A random variable can be discrete (a specific set of possible values) or continuous (many or an infinite number of possible values). In our coin toss example above, x is a discrete random variable, since x can only have six possible values (0 to 5).

A continuous random variable might be a team's score during a basketball game. Just as we discussed above, there are too many possible values to make a frequency table for each possible point value.

Review this material in Remarks on the Concept of "Probability" and Random Variables.


2b. Calculate conditional probability, and determine whether two events are mutually exclusive and whether two events are independent

  • Define an outcome and an event. How are the two related?
  • What does it mean for two events to be dependent or independent?
  • What does it mean for two events to be mutually exclusive?
  • Define conditional probability.
  • Define a compound event.

An outcome is the result of a single experiment. Examples include flipping a coin, measuring someone's height, or asking someone to name their favorite baseball team.

Two events are independent when the occurrence of one event or action does not depend on the occurrence of another.
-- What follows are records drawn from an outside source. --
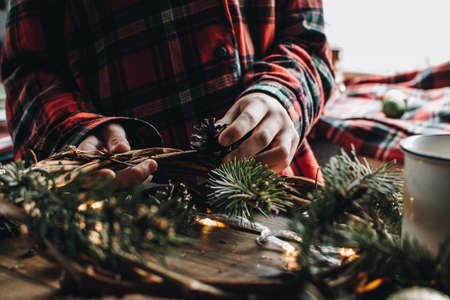 Making of Christmas wreath from nature materials on a dark wooden table. Scandinavian hygge styled Christmas composition. Cozy winter homely scene with decorations.の写真素材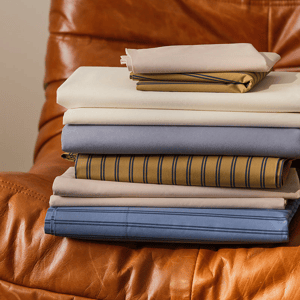A stack of neatly folded bed sheets in various colors and patterns, including solid and striped designs, displayed on a brown leather chair.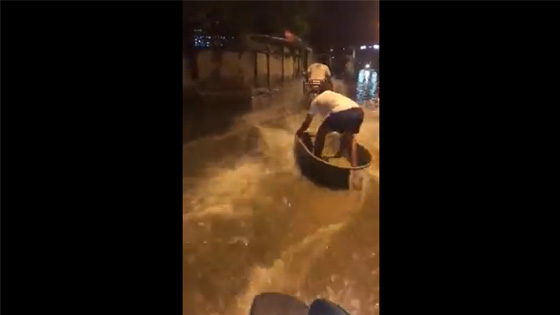 There was a heavy rain in the city of the man, and this guy was driving a speedboat on the road.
  • An example of independent events are: A = roll a five on a die, and B = flip heads on a coin. The two events do not have a causal relationship.
  • An example of dependent events are: A = the temperature is below freezing, and B = it snows. In this case, event B is more likely to happen if A occurs than if it does not.

Compound events are combinations of events; we can calculate the probabilities for them as well. Common conjunctions are "AND", "OR", and "GIVEN" (conditional probability). In our above example, "Below freezing AND snowfall" is an example of the compound event (A and B).
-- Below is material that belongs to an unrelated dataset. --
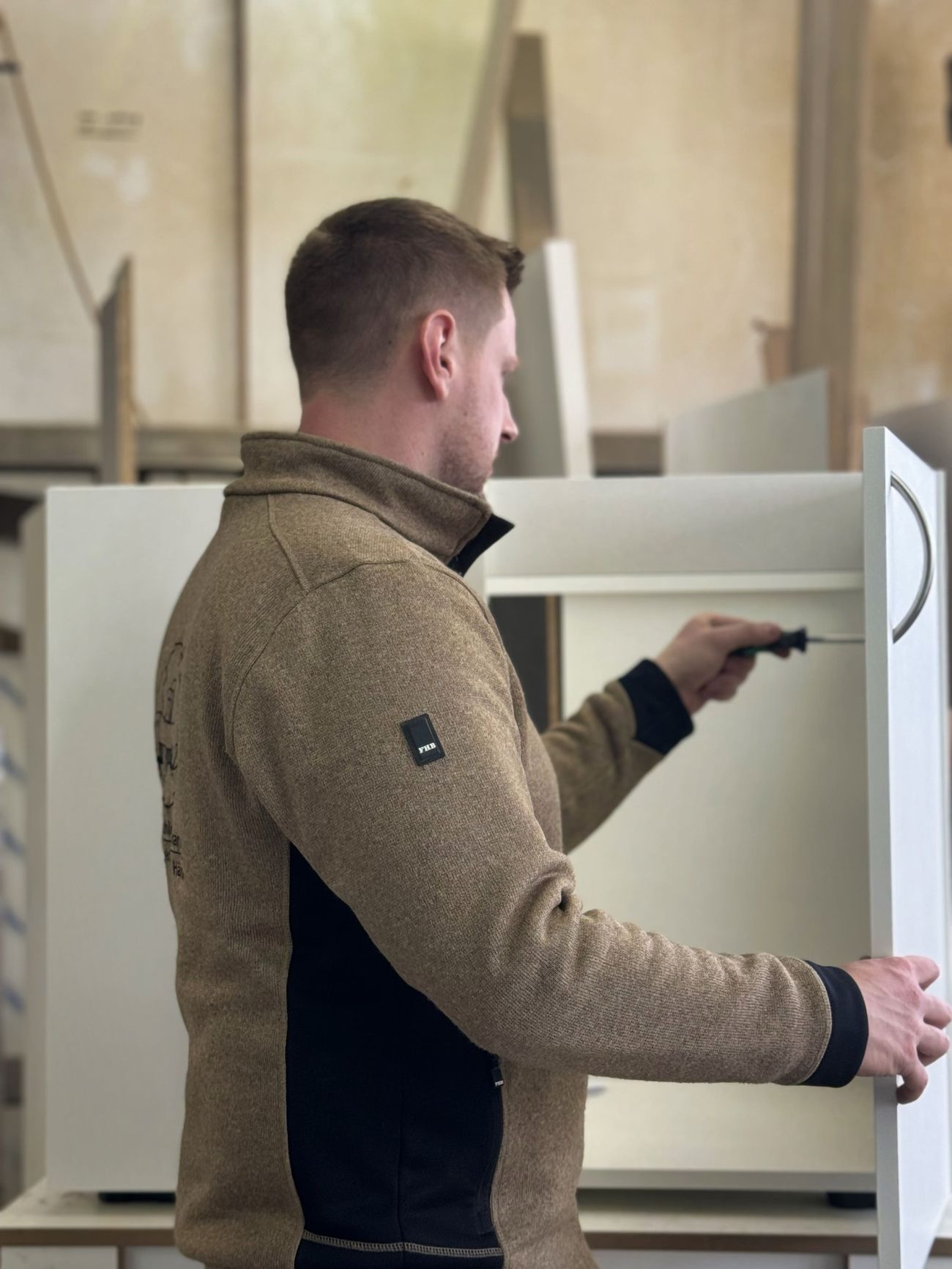 Ein Mitarbeiter schraubt ein Holzregal zusammen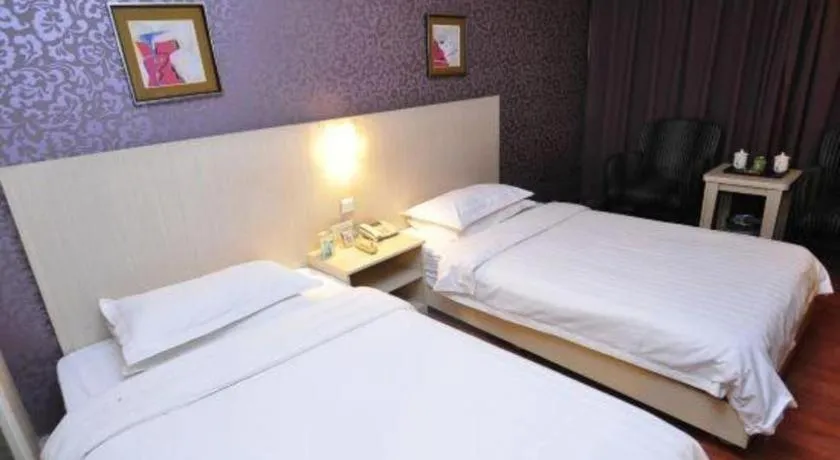 Bed in Pankun Business Hotel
Mutually-exclusive events (also called disjoint events) are events that cannot occur at the same time.

  • An example of mutually-exclusive events are: A = roll greater than a four on a six-sided die, and B = roll less than three on a six-sided die. These events cannot occur at the same time.

Symbolically, we describe this as  P(A \cap B) = 0

We pronounce the notation  P(A | B) = 0 as "A given B" which means we are looking for the probability that A occurs given that B occurs, or has occurred. We call this situation conditional probability.
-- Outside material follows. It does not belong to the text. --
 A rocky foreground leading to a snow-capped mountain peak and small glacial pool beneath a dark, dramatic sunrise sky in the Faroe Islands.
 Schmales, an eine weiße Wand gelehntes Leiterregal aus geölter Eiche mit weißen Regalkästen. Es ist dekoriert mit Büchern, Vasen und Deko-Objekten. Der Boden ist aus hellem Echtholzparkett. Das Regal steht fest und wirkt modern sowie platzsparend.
Review this material in Remarks on the Concept of "Probability" and Basic Concepts.


2c. Calculate probabilities using the addition rules and multiplication rules

  • Define the general addition rule of probability. How does it relate to whether events are mutually exclusive, or not?
  • Define the multiplication rule of probability. How does it relate to whether events are independent, or not?
  • Define the special addition rule, general multiplication rule, and special multiplication rule.

We generally associate the general addition rule of probability with "or" compound events. We associate the multiplication rule with "and" compound events.

The probability p(A or B) = p(A) + p(B) holds if A and B are mutually exclusive (cannot both occur).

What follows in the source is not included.